I'm analyzing what is essentially a respiratory waveform, constructed in 3 different shapes (the data originates from MRI, so multiple echo times were used; see here if you'd like some quick background). Here are a couple of segments of two of the plotted waveforms for some context:
For each waveform, I'm trying to perform a DFT in order to discover the dominant frequency or frequencies of respiration.
My issue is that when I plot the DFTs that I perform, I get one of two things, dependent on the FFT library that I use. Furthermore, neither of them is representative of what I am expecting. I understand that data doesn't always look the way we want, but I clearly have waveforms present in my data, so I would expect a discrete Fourier transform to produce a frequency peak somewhere reasonable. For reference here, I would expect about 80 to 130 Hz.

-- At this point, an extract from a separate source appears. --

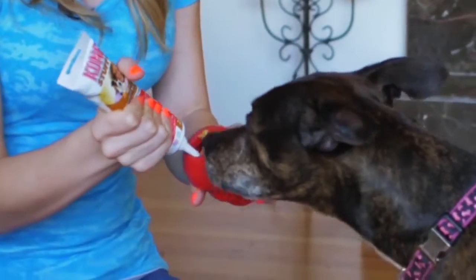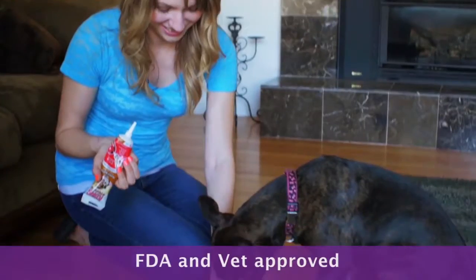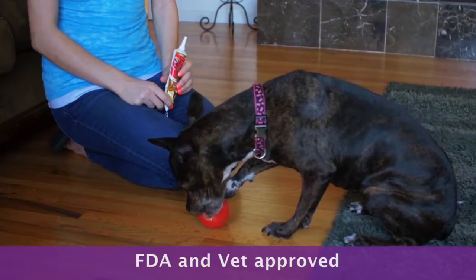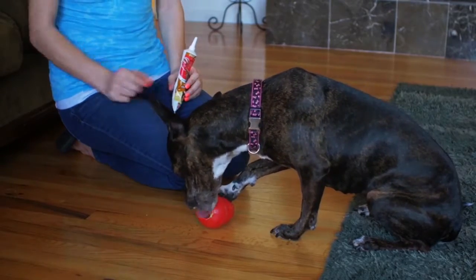You can also buy natural-made treats from them directly. The company uses FDA-approved materials and routinely tests their products for safety, so it is a great option for an indestructible chew toy for your best friend.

My data is stored in a pandas
data frame, with each echo time's data in a separate series. I'm applying the FFT function of choice (see the code below) and receiving different results for each of them.
SciPy (fftpack
)
import pandas as pd
import scipy.fftpack
# temporary copy to maintain data structure
lead_pts_fft_df = lead_pts_df.copy()
# apply a discrete fast Fourier transform to each data series in the data frame
lead_pts_fft_df.magnitude = lead_pts_df.magnitude.apply(scipy.fftpack.fft)
lead_pts_fft_df
NumPy:
import pandas as pd
import numpy as np
# temporary copy to maintain data structure
lead_pts_fft_df = lead_pts_df.copy()
# apply a discrete fast Fourier transform to each data series in the data frame
lead_pts_fft_df.magnitude = lead_pts_df.magnitude.apply(np.fft.fft)
lead_pts_fft_df
The rest of the relevant code:
ECHO_TIMES = [0.080, 0.200, 0.400] # milliseconds
f_s = 1 / (0.006) # 0.006 = time between samples
freq = np.linspace(0, 29556, 29556) * (f_s / 29556) # (29556 = length of data)
# generate subplots
fig, axes = plt.subplots(3, 1, figsize=(18, 16))

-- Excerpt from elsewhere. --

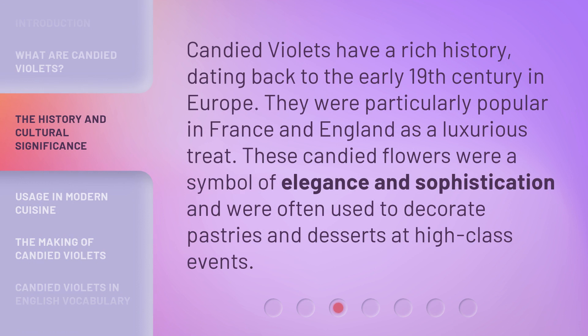Candied violets have a rich history, dating back to the early 19th century in Europe. They were particularly popular in France and England as a luxurious treat. These candied flowers were a symbol of elegance and sophistication and were often used to decorate pastries and desserts at high-class events.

for idx in range(len(ECHO_TIMES)):
axes[idx].plot(freq, lead_pts_fft_df.magnitude[idx].real, # real part
freq, lead_pts_fft_df.magnitude[idx].imag, # imaginary part
axes[idx].legend() # apply legend to each set of axes
# show the plot
plt.show()
Post-DFT (SciPy fftpack
):
Post-DFT (NumPy)
Here is a link to the dataset (on Dropbox) used to create these plots, and here is a link to the Jupyter Notebook.
EDIT:
I used the posted advice and took the magnitude (absolute value) of the data, and also plotted with a logarithmic y-axis. The new results are posted below. It appears that I have some wraparound in my signal. Am I not using the correct frequency scale? The updated code and plots are below.
# generate subplots
fig, axes = plt.subplots(3, 1, figsize=(18, 16))

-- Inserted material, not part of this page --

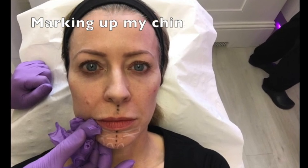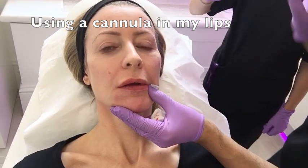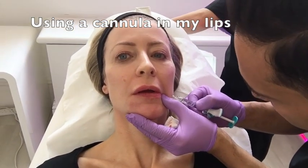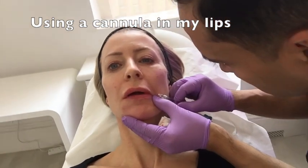Her chin needed a lot of firming up. Her lips didn't need more volume but were very dry, so Dr. Patel used Juvederm Volite — a really runny filler — to hydrate them from the inside.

for idx in range(len(ECHO_TIMES)):
axes[idx].plot(freq[1::], np.log(np.abs(lead_pts_fft_df.magnitude[idx][1::])),
label=lead_pts_df.index[idx], # apply labels
color=plot_colors[idx]) # colors
axes[idx].legend() # apply legend to each set of axes
# show the plot
plt.show()
I've figured out my issues.
Cris Luengo was very helpful with this link, which helped me determine how to correctly scale my frequency bins and plot the DFT appropriately.
ADDITIONALLY: I had forgotten to take into account the offset present in the signal. Not only does it cause issues with the huge peak at 0 Hz in the DFT, but it is also responsible for most of the noise in the transformed signal. I made use of scipy.signal.detrend()
to eliminate this and got a very appropriate looking DFT.
# import DFT and signal packages from SciPy
import scipy.fftpack
import scipy.signal
# temporary copy to maintain data structure; original data frame is NOT changed due to ".copy()"
lead_pts_fft_df = lead_pts_df.copy()
# apply a discrete fast Fourier transform to each data series in the data frame AND detrend the signal
lead_pts_fft_df.magnitude = lead_pts_fft_df.magnitude.apply(scipy.signal.detrend)
lead_pts_fft_df.magnitude = lead_pts_fft_df.magnitude.apply(np.fft.fft)
lead_pts_fft_df
Arrange frequency bins accordingly:
num_projections = 29556
N = num_projections
T = (6 * 3) / 1000 # 6*3 b/c of the nature of my signal: 1 pt for each waveform collected every third acquisition
xf = np.linspace(0.0, 1.0 / (2.0 * T), num_projections / 2)
Then plot:
# generate subplots
fig, axes = plt.subplots(3, 1, figsize=(18, 16))
for idx in range(len(ECHO_TIMES)):
axes[idx].plot(xf, 2.0/num_projections * np.abs(lead_pts_fft_df.magnitude[idx][:num_projections//2]),
label=lead_pts_df.index[idx], # apply labels
color=plot_colors[idx]) # colors
axes[idx].legend() # apply legend to each set of axes
# show the plot
plt.show()